= Council of Czech Television =

Council of Czech Television (Rada České televize) is the body exercising the public's right to control the activities of Czech Television. Its responsibilities are regulated by Act No. 483/1991 Coll. about Czech Television.

==Responsibilities==
List of resoponsibilities according to Act No. 483/1991 Coll.:
- to appoint and dismiss the general director and, on his proposal, the director of television studios of Czech Television
- approve the budget and the final account of Czech Television and control the implementation of the budget of Czech Television
- to approve the Statute of Czech Television on the proposal of the General Director
- submit the Code of Czech Television to the Chamber of Deputies for approval
- to approve the general director's proposals for the establishment or cancellation of television studios (Section 9, paragraph 8)
- decide on complaints concerning the Director General
- supervise the performance of public service tasks in the field of television broadcasting and the fulfillment of the principles arising from the Czech Television Code
- approve long-term plans for programmatic, technical and economic development
- establish a supervisory committee and determine the salary of the CEO
- submit an annual report on the activities and management of Czech Television to the Chamber of Deputies (which is responsible for its activities)
- The council operates according to its own budget, the costs of the council's activities and the remuneration of its members, as well as the costs of the activities of the Supervisory Commission and the remuneration of its members, are paid from a special expenditure item of the Czech Television budget.

==Composition==
The council has 18 members, who are elected and dismissed by the Chamber of Deputies (12 Council members) and the Senate (6 Council members), from candidates proposed by legal entities that have been in existence for at least 10 years at the time of the submission of the proposal and that represent cultural, regional, social, trade union, employer, religious, educational, scientific, ecological and national interests.

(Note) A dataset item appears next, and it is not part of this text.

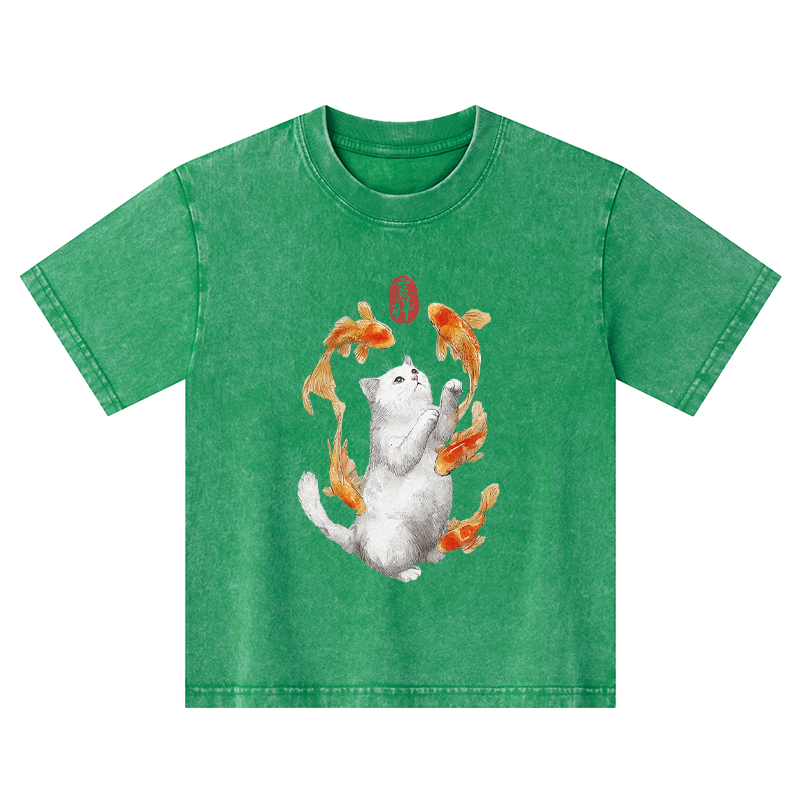 Tokyo-Tiger Zen Cat And The Dancing Fish Kids Washed T-Shirt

Council members are elected for a term of office of 6 years and are responsible for the performance of their duties to the chamber of Parliament that elected them; they can be re-elected. New members are elected to positions vacated for reasons other than the expiration of the term of office for the remainder of the term of office of the member whose position has become vacant.

==Controversy==
Current general manager of Czech Television is Jan Souček, who was elected for a six-year term by the Czech Television Council (Rada České televize).
Souček has courted controversy in his tenure given his attack on free media and his attacks on employees of Czech Television. Souček compared himself to Milada Horáková after strong criticism of his managerial skills from Czech Television Council. Souček later commented that it was silly from him. In an interview on 5. 9. 2023‌ Souček, as the incoming director general, stated: "I am constantly asking for money. A press conference of the Ministry of Culture has been announced for Tuesday, where the ministerial commission should reveal how it envisions the reform of financing public service media. According to my information, our call will be heard for the most part." During his tenure, Souček constantly asks for more money from the public fees, however it seems that he is not able to use money economically while blacking out financial documents to hide it from the public.

Souček discussed masturbation as part of his defence given his attack on free media.

In 2025, Jan Souček, the CEO of Czech Television, said that two members of the Czech Television Board, Pavel Matocha and Luboš Xaver Veselý, were allegedly blackmailing him.